One day a man was walking along the beach and found a bottle. He looked around and didn't see anyone so he opened it. A genie appeared and thanked the man for letting him out.
The genie said, "For your kindness I will grant you a wish, but only one."
The man thought for a minute and said, "I have always wanted to visit Hawaii but have never been able to because I'm afraid of flying and ships make me seasick. So I wish for a road to be built from here to Hawaii."
The genie thought for a minute and said, "No, I don't think I can do that. Just think of all the work involved: the pilings needed to hold up the highway, how deep they would have to be to reach the bottom of the ocean. Think of all the pavement that would be needed. No, that is just too much to ask."

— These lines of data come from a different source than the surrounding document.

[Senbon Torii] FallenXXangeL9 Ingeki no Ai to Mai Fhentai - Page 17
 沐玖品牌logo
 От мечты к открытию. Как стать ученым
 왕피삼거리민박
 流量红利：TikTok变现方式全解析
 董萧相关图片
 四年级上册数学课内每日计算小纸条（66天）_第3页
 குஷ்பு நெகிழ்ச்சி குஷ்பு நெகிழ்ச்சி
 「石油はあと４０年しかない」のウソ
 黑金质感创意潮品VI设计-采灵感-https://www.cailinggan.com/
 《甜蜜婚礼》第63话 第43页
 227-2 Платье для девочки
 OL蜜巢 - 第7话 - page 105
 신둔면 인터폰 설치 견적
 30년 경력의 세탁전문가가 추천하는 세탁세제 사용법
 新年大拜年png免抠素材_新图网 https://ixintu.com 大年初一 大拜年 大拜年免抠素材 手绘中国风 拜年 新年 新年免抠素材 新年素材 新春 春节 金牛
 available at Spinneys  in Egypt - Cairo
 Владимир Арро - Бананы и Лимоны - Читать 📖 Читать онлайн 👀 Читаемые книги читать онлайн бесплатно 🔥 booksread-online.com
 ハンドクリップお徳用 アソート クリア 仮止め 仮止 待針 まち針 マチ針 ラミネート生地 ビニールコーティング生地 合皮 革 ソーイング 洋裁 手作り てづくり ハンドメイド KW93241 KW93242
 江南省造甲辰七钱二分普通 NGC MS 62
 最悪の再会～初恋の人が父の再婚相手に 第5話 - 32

The man thought for a minute and then told the genie, "Well, there is one other thing that I have always wanted. I would like to be able to understand my girlfriend. What makes her laugh and cry, why is she temperamental, why is she so difficult to get along with? Basically, what makes her tick?"
The genie considered for a few minutes and said, "So, do you want two lanes or four?"
An Italian and a Greek were arguing about which country added the most to civilization.
The Greek: We built the Acropolis!
the Italian: We built the Colloseum!
The Greek: We gave the world advanced math!
the Italian: We made the Roman Empire!
The Greek: We discovered sex!!
the Italian: And we introduced it to women!!
Two hunters shot a deer, and were dragging him to the car by the hind leg, which was difficult because the other legs kept snagging in the brush.
"Chet, I've got an idea, I think we are doing this wrong. Let's try dragging him by the horns, like we were advised by the ammo-store salesman."
"OK," says Ivan.
After a while, Ivan says, "I think this is a lot better because his legs fold up and don't get caught in the brush, but we seem to be getting farther from the car."
I went to blockbusters last night and asked if I could borrow Batman Forever.
The bloke at the counter said, "NO you have to bring it back tomorrow!"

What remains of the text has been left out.